「群像」2020年9月号

文字数 1,348文字

編集後記は、文芸誌の裏方である編集者の顔が見えるページ。

このコーナーでは、そんな編集後記を選り抜きでお届けします。

三軒茶屋で『殺意 ストリップショウ』(三好十郎作・栗山民也演出)を観た。入り口、座席、さまざまな感染防止対策は、上演にいたるまでの苦労と「ようやく」というスタッフのみなさんの期待と高揚の顕れに思えて、しぜんと背筋が伸びた。戦後すぐの高級ナイトクラブを模したセット。鮮やかな照明効果とともに鈴木杏さん扮するダンサアが現れ、身の上話を始める。二時間にわたる一人舞台は圧巻だった。クライマックスで、戦争を挟み転向、転々向を繰り返す男をダンサアが糾弾する――。


〈似たような人間は、いくらでも居る あちらにも、こちらにも、(こちらを指す)そこに! そこにも! そらそこにも居る! あなたがたの中に坐っている!(略)あなたがたは、みんな、みんな、そうかもしれない。〉(「群像」1950年7月号より。「殺意」はこの号の巻頭創作だった)


鈴木さんの鬼気迫る熱演に、はじめは「昔の他人事」だったのに、いつしか「いまの自分事」となっている。


巻頭特集は「戦争への想像力」。松浦寿輝さん、高橋源一郎さんに創作を、朝吹真理子さんにエッセイを、小田原のどか、金子遊、酒寄進一、高原到、各氏には批評をお願いした。いとうせいこうさんの短期集中ルポも最終回となる。特集ではないが、藤原辰史さんの連載「歴史の屑拾い」から、戦争体験者の医王さんの言葉を孫引く。〈自分自身の全く個人の経験ですが、これは国家の経験でもあるので、それをできるだけ思い出して、あとに残したいと思います〉。本特集の原稿も書き手個人の想像力ではあるが、国家の想像力でもあるのではないだろうか。戦争を知らない私たちにとって、この国の夏は「戦争を想う」ことで、香港をあるいはガザやアンマンのことを想い、そして「いまと私」を見つめ直す季節なのだ。

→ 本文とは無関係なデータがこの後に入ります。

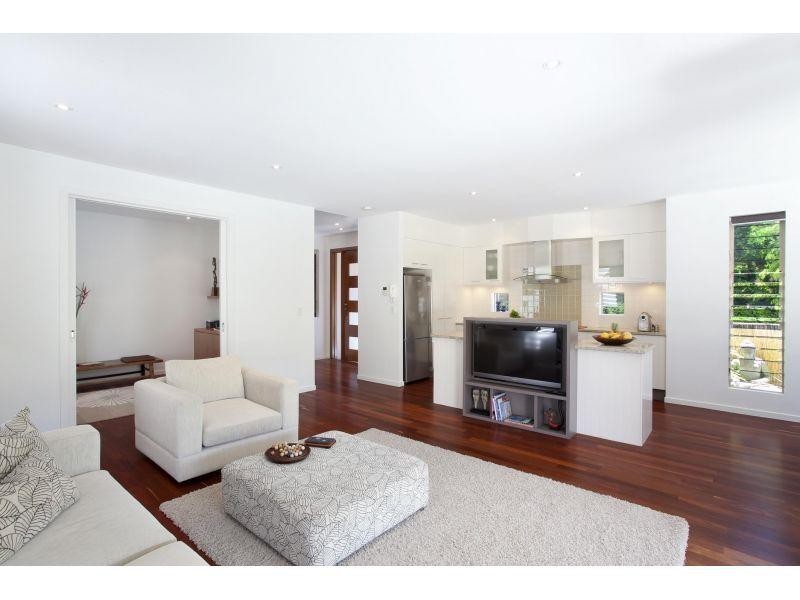 1/16 Elizabeth Street, Noosaville QLD 4566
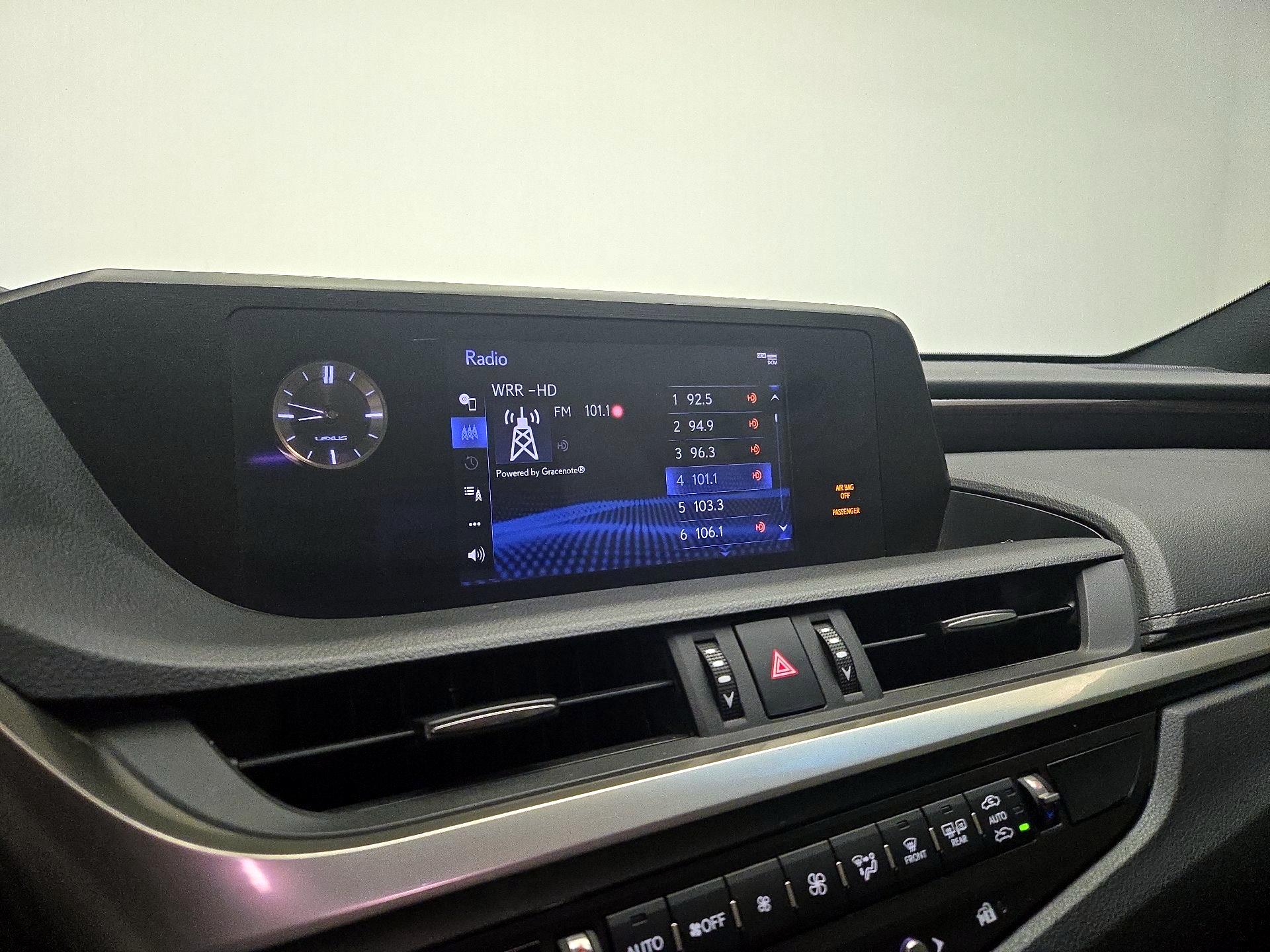 Thumbnail: 2020 Lexus ES - 15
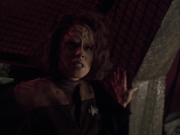 extant_StarTrek_VOY_6x03-BargeOfTheDead_01532.jpg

松田青子さんの新連載エッセイ「日常の横顔」がスタート。日常の断面から松田さんの想像力が拡がります。創作は本誌初登場、米澤穂信さんのアクチュアルな掌篇と、石倉真帆さんの群像新人文学賞受賞後第一作。工藤庸子さん「大江健三郎と「晩年の仕事」」は、『さようなら、私の本よ!』を扱う第三回。富岡幸一郎さんと佐藤優さんの連続対談は戦後篇、敗戦から始まります。三浦哲哉さん、ブレイディみかこさんの連載が今号完結、単行本もどうぞお楽しみに。論点は豪華4本立て。人文知の最前線を論じていただいています。


理解の混雑、生温い受動性と身勝手な能動性……武田砂鉄さんの『わかりやすさの罪』を付箋だらけにして脳に揉み込むように読んでいる。本誌連載の「「近過去」としての平成」同様、「見切り発車」で開始したということで、武田さんの思考の過程が見られて雑誌連載の良さを感じる本だ。16年前、同じ雑誌に配属された同期入社のIが7月から週刊誌の編集人になった。メディアを取り巻く環境はあの頃とは大きく変わったけれど、まだ、残っている。それぞれのやり方で「わかりやすさ」と格闘する紙の雑誌を編む者として、ささやかなエールを贈る。


(「群像」編集長・戸井武史)

8月7日(金)発売の「群像」2020年9月号編集後記より抜粋。